Kemudian, apabila diartikan ke dalam
Bahasa Indonesia, technical memiliki
arti teknik, dan vocational memiliki
arti kejuruan. Kedua istilah tersebut akan memiliki batasan yang jelas apabila
digabungkan dengan kata pendidikan sehingga menjadi pendidikan teknik dan pendidikan
kejuruan. Pendidikan teknik diartikan sebagai program pendidikan yang bertujuan
untuk mempersiapkan tenaga kerja pada level teknisi atau sub profesional, yang
biasanya tingkatannya berada satu level di atas craftsman akan tetapi levelnya berada di bawah profesional.
Pendidikan kejuruan diartikan program pendidikan yang bertujuan untuk
mempersiapkan tenaga kerja pada level craftsman
atau perusahaan pada level dasar.
Pada konteks Bangsa Indonesia, dengan
berdasarkan pada Undang-Undang Sistem Pendidikan Nasional Nomor 20 Tahun 2003
Pasal 15, vocational education telah
terkontekskan sebagai pendidikan kejuruan, sedangkan technical eductaion telah terkontekskan dengan pendidikan vokasi. Pendidikan
kejuruan merupakan pendidikan menengah yang mempersiapkan peserta didik
terutama untuk bekerja dalam bidang tertentu. Pendidikan vokasi merupakan
pendidikan tinggi yang mempersiapkan peserta didik untuk memiliki pekerjaan
dengan keahlian terapan tertentu maksimal setara dengan program sarjana. Untuk
mengetahui posisi pendidikan kejuruan dan pendidikan vokasi dalam Sistem
Pendidikan Nasional bisa dilihat pada Gambar 1.

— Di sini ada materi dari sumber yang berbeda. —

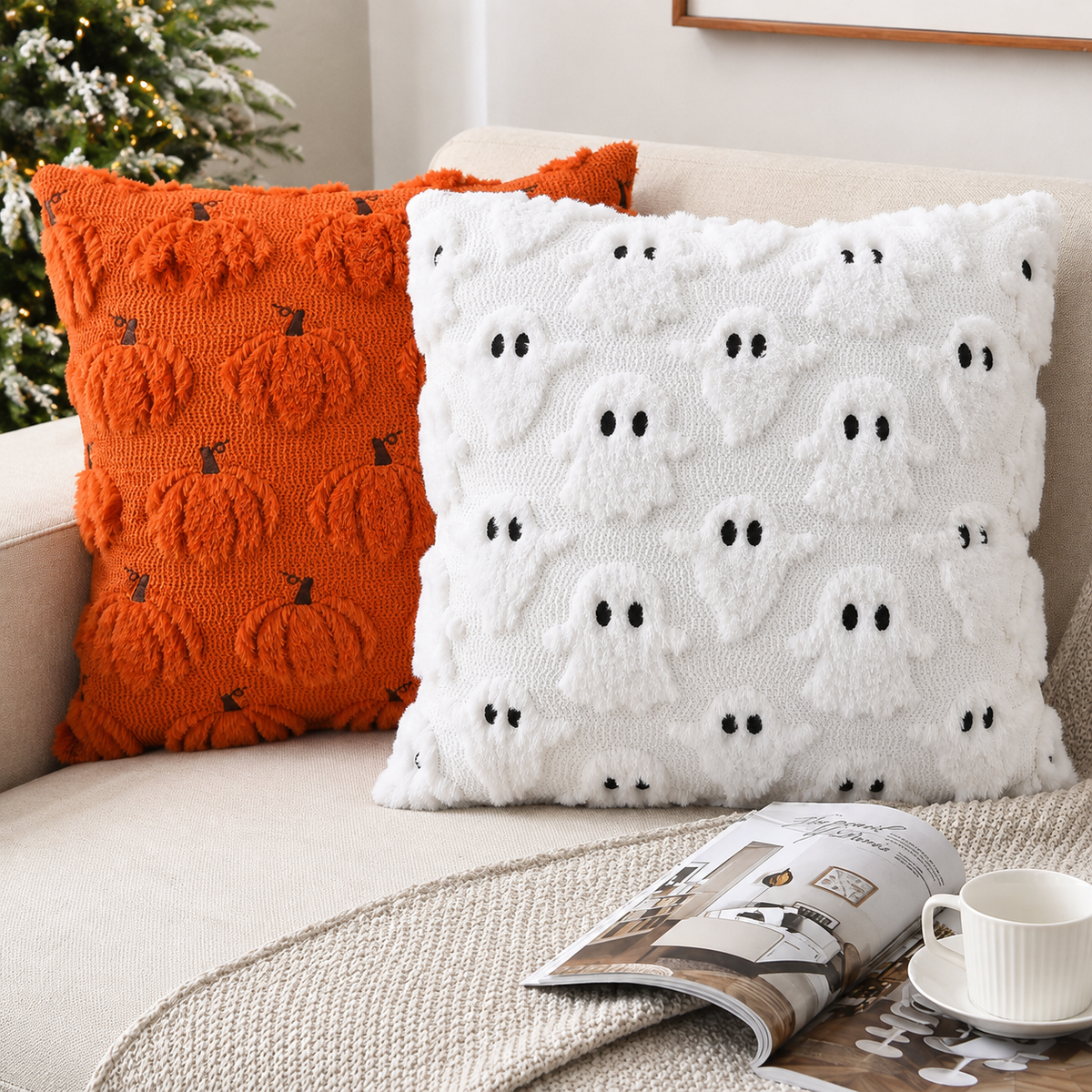 Halloween-dekorationspude på sofa i stue-indretning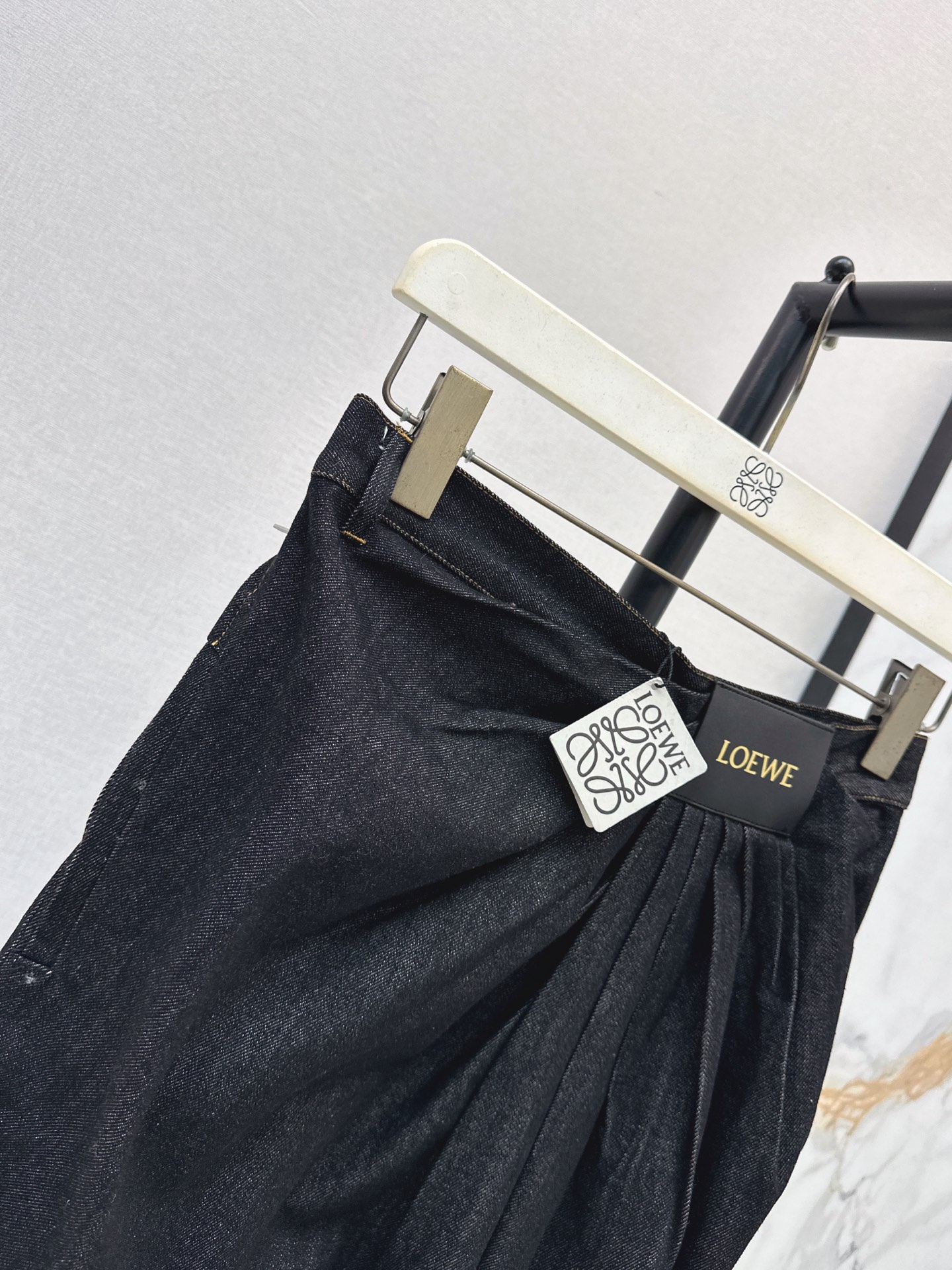 Loe 26fw asymmetric pleated wide-leg jeans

Dengan demikian, apabila istilah TVET
diartikan secara penuh kedalam Bahasa Indonesia akan menjadi Pendidikan dan
Pelatihan Teknik dan Kejuruan atau disingkat PPTK. Secara konsep, istilah PPTK
akan memayungi semua pendidikan di Indonesia yang bertujuan untuk mencetak tenaga kerja. Akan tetapi, di
dalam berbagai literatur Bahasa Indonesia, penggunaan istilah PPTK sangat
jarang ditemukan. Pada literatur-literatur tersebut lebih sering menggunakan
kata Pendidikan Kejuruan daripada PPTK. Demikian juga pada website resmi
UNEVOC, pendidikan kejuruan dan pendidikan vokasi disebut dalam satu istilah,
yaitu Vocational Education, yang
artinya adalah Pendidikan Kejuruan (Gambar 2). Apabila dipahami secara
mendalam, akan ditemukan suatu kerancuan yang nyata apabila kita kembali berkiblat
kepada penjelasan Sisdiknas nomor 20
Tahun 2003 Pasal 15 bahwa istilah pendidikan kejuruan hanya dibatasi pada
tingkat menengah.
Kemudian di berbagai negara atau
organisasi banyak variasi istilah yang dimaksudkan untuk menyebut TVET. TVET
sendiri merupakan istilah yang digunakan oleh UNESCO. CTE (Career and Technical Education) merupakan istilah yang digunakan di
Amerika Serikat. FET (Further Education
and Training) merupakan istilah yang digunakan di Inggris dan Afrika
Selatan. VTET (Vocational and Technical
Education and Training) merupakan istilah yang dipergunakan di Asia
Tenggara. VET (Vocational Education and
Training) dan VTE (Vocational and
Technical Education) merupakan istilah yang digunakan di Australia.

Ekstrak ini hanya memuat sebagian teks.